**Your assignment**
Could you please write out each line of the records exactly, minus the pictures?

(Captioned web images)
▬▬▬

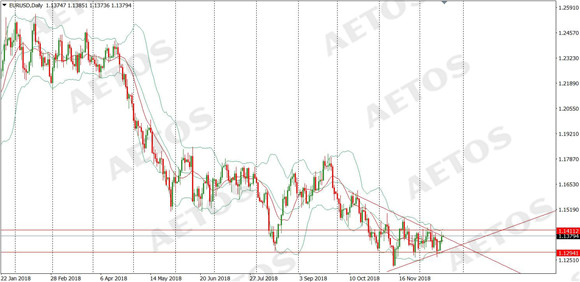 AETOS艾拓思-每日快讯-20181219-EUR.jpg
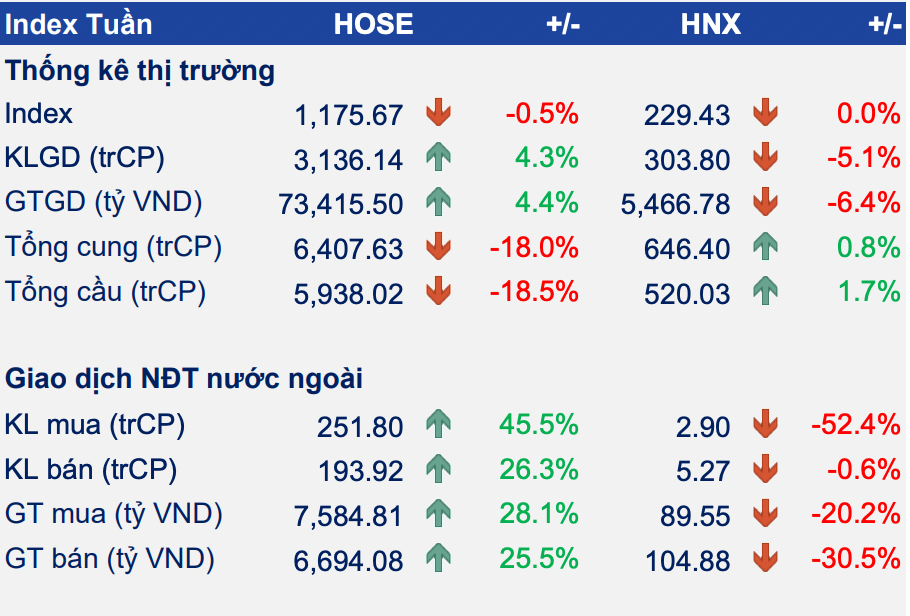 Biến động thị trường tuần qua. Biến động thị trường tuần qua.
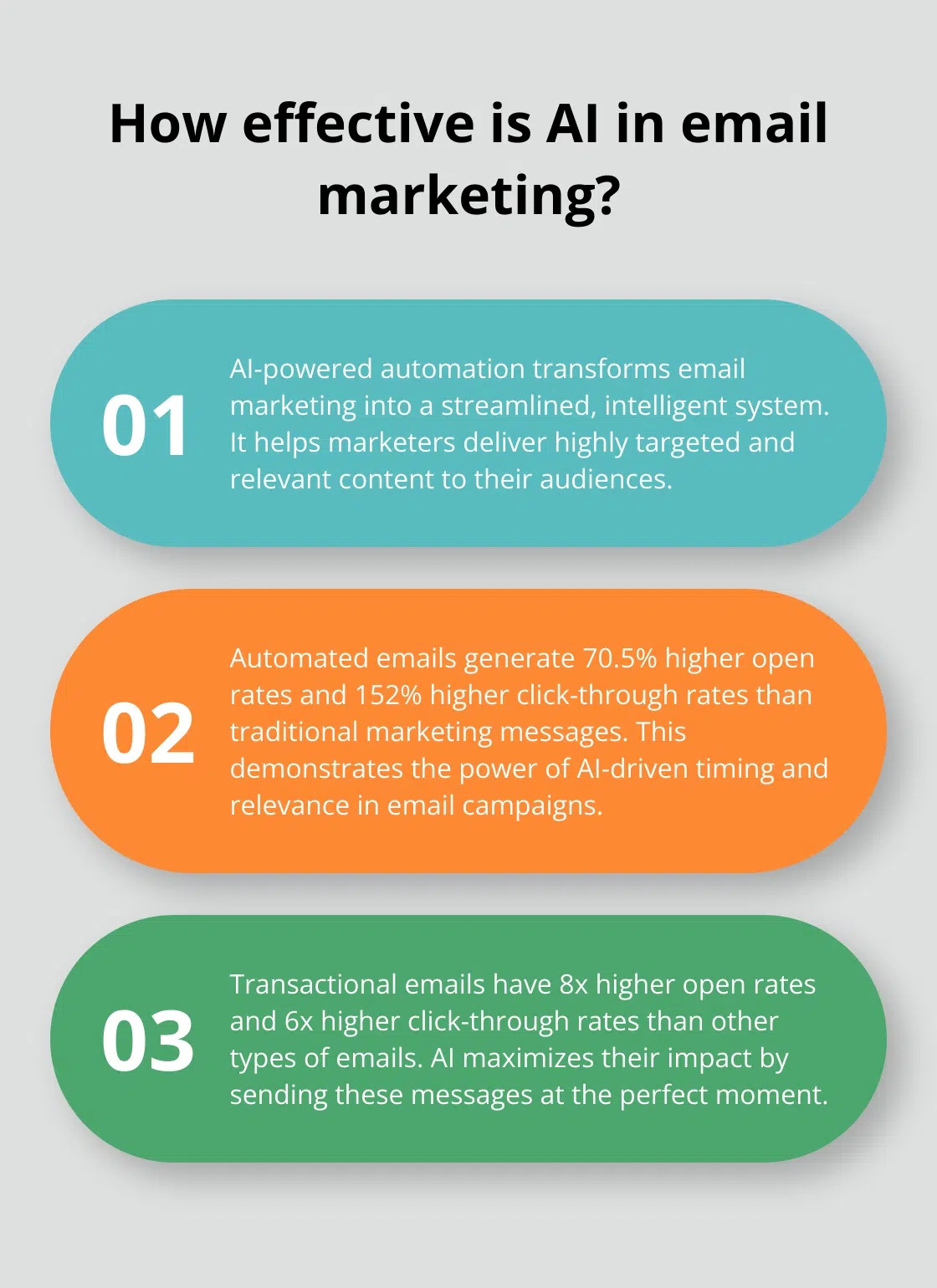 Fact - How effective is AI in email marketing?
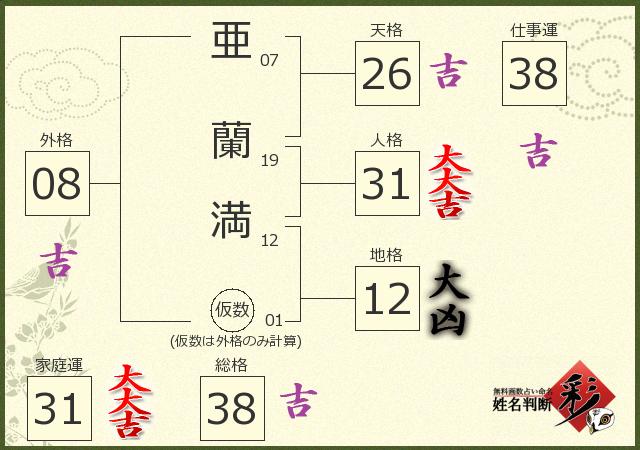 診断結果画像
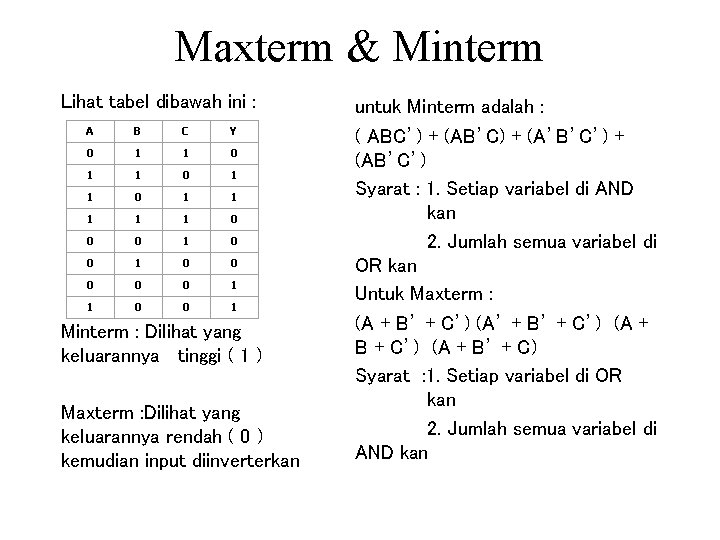 Maxterm & Minterm Lihat tabel dibawah ini : A B C Y 0 1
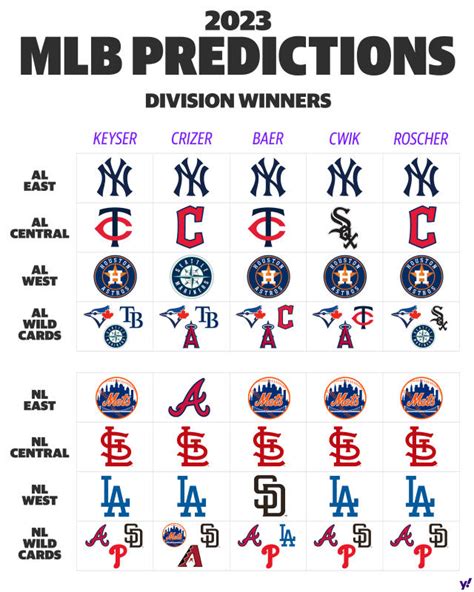 2023 MLB Opening Day: Picks for division winners, World Series, MVP ...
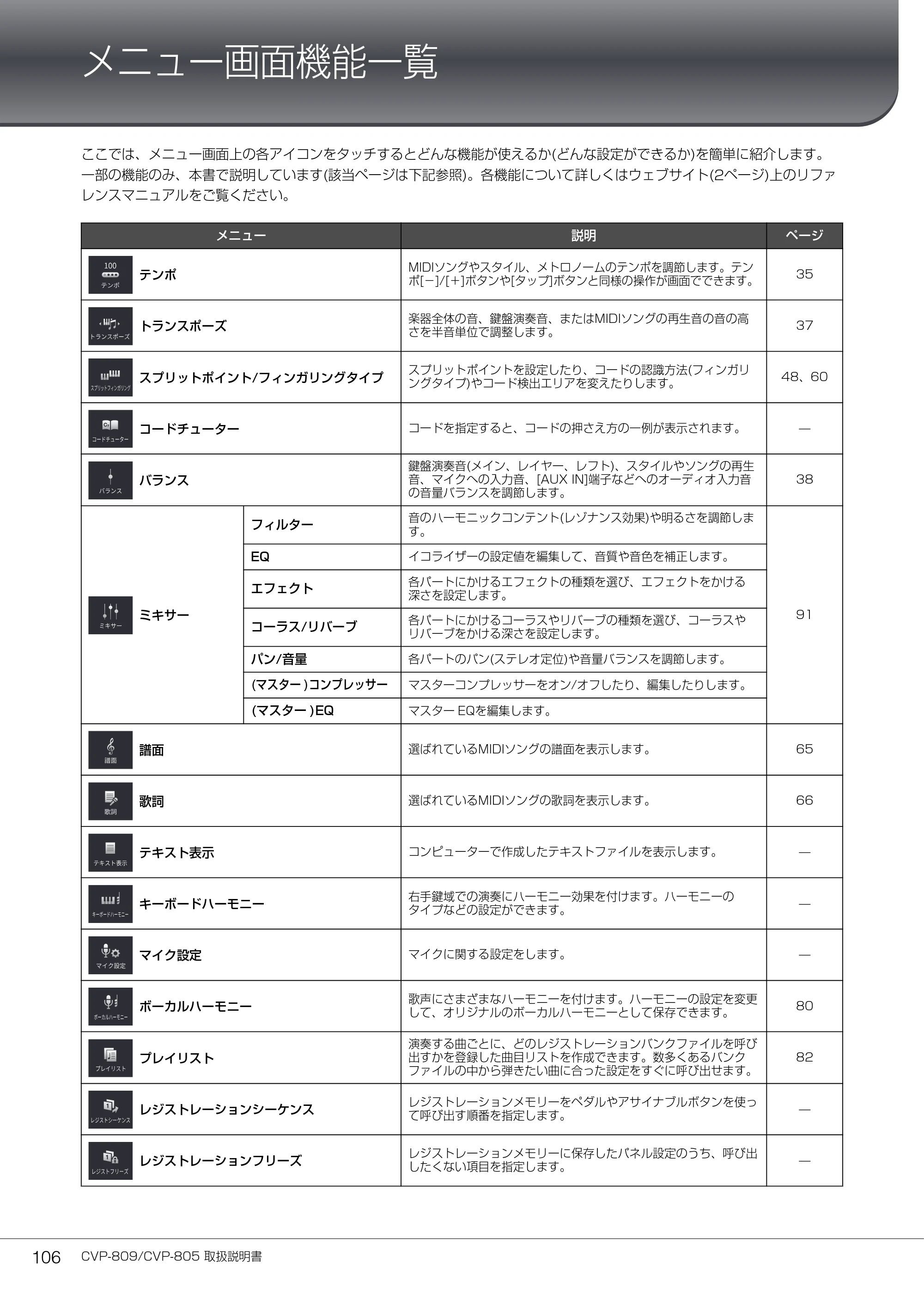 ヤマハ CVP-809 / CVP-805 CVP-809/CVP-805 取扱説明書 — 資料 — 原本ページ — 106ページ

▬▬▬

**Written answer**
 AETOS艾拓思-每日快讯-20181219-EUR.jpg
 Biến động thị trường tuần qua. Biến động thị trường tuần qua.
 Fact - How effective is AI in email marketing?
 診断結果画像
 Maxterm & Minterm Lihat tabel dibawah ini : A B C Y 0 1
 2023 MLB Opening Day: Picks for division winners, World Series, MVP ...
 ヤマハ CVP-809 / CVP-805 CVP-809/CVP-805 取扱説明書 — 資料 — 原本ページ — 106ページ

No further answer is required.